The young man at issue has spent 17 months in prison for rape. The girl confessed to making up the story 5 months after the alleged incident (the story states 3, but see the case time line at the bottom of the page), and no court appears to want to have anything to do with correcting this injustice. Currently, the young man is still in prison.
U.Va. Innocence Project and child advocacy group trying to free teen they say was wrongfully convicted of rape
By PAMELA GOULD
A team of attorneys is asking the Department of Juvenile Justice to release a former Aquia Harbour teen they say was wrongfully convicted of rape and is listed on the state's sex offender registry.
The effort by the Innocence Project of the University of Virginia Law School and JustChildren, a child-advocacy group, is supported by the alleged victim's mother, who wants to correct what she considers a miscarriage of justice.
"We just need to make things right," Michele Sousa said in a recent interview.
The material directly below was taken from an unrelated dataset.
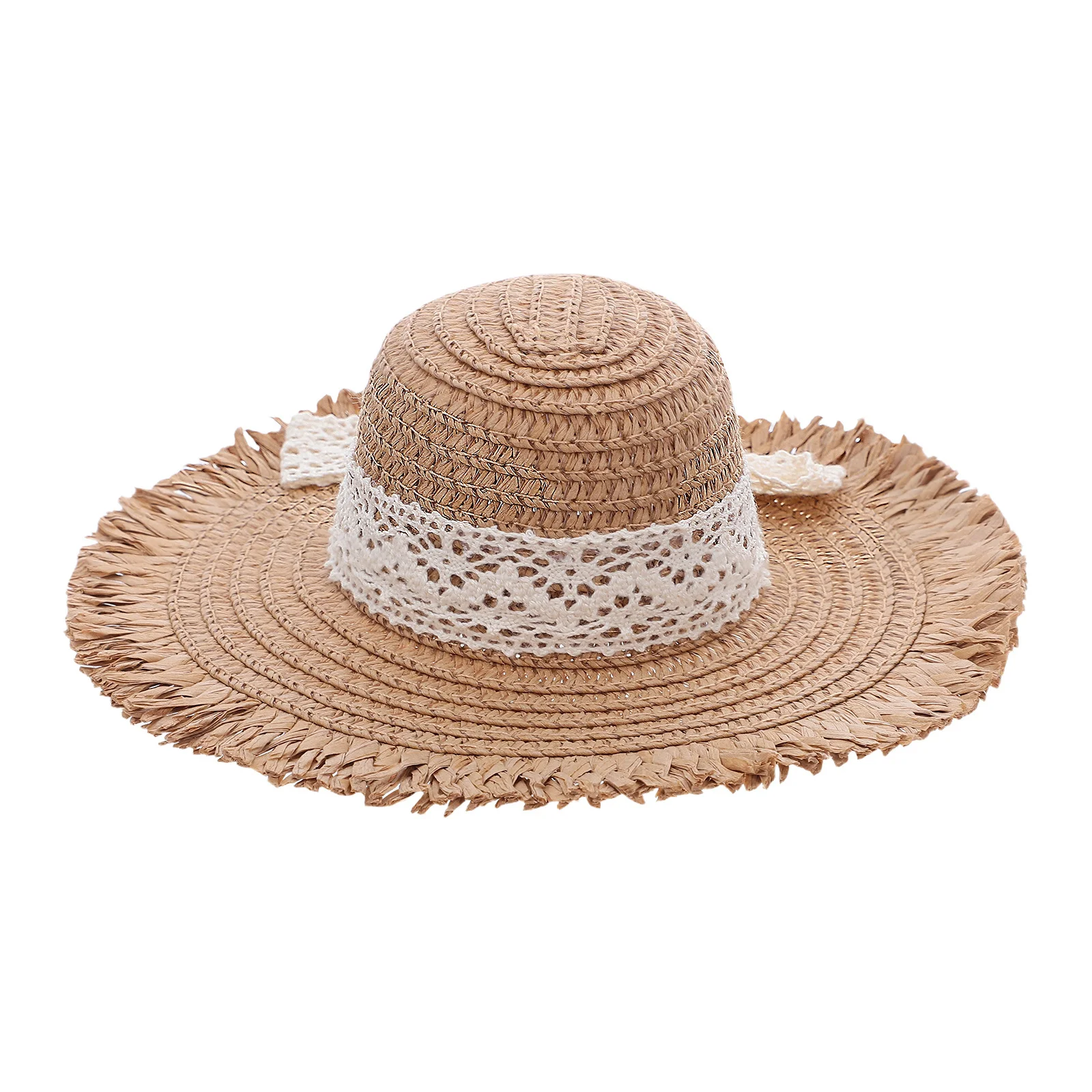 Mini chapéus de palha com fita de renda, boné de palha pequeno para casa de bonecas, artesanato em miniatura, acessório de decoração de festa, chapéu de praia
Sousa said she returned home from work on June 4, 2007, to find the 15-year-old boy inside her Aquia Harbour home and her 14-year-old daughter getting dressed in the girl's bedroom.
Sousa initially believed her daughter had been sexually assaulted and immediately contacted the Stafford County Sheriff's Office. But three months after the boy was convicted of rape and breaking into her home, her daughter said she had lied about the incident because she feared getting into trouble.
As soon as Sousa learned that--on Thanksgiving weekend in 2007--she contacted a lawyer, who advised her to contact the boy's attorney. His attorney asked her to provide a notarized statement from her daughter, which she did.
In the May 23, 2008, handwritten statement, the girl states: "[The boy] didn't rely rape me in fact we did it befor. [He] was a friend of mine befor this even happend. Me and [the boy] where good friends, but now it just seems that I lied about [him]. Now I will never forgive myself. [He] didn't realy come in by himself, I let him in."
The Free Lance-Star is not naming the boy or girl because of their ages and the nature of the charges. Their parents' surnames are different from theirs. Both families have since moved from Stafford.
The parents agreed to discuss the case publicly in an effort to clear the boy, who has been in state custody for at least 17 months.
Neither Stafford Assistant Commonwealth's Attorney Eric Olsen, who prosecuted the boy, nor Denise Rafferty, who was the court-appointed defense attorney at trial, would discuss the case.
Olsen said he was aware of pending action in the case. He agreed to answer only general questions about juvenile prosecutions and the Stafford office's policies.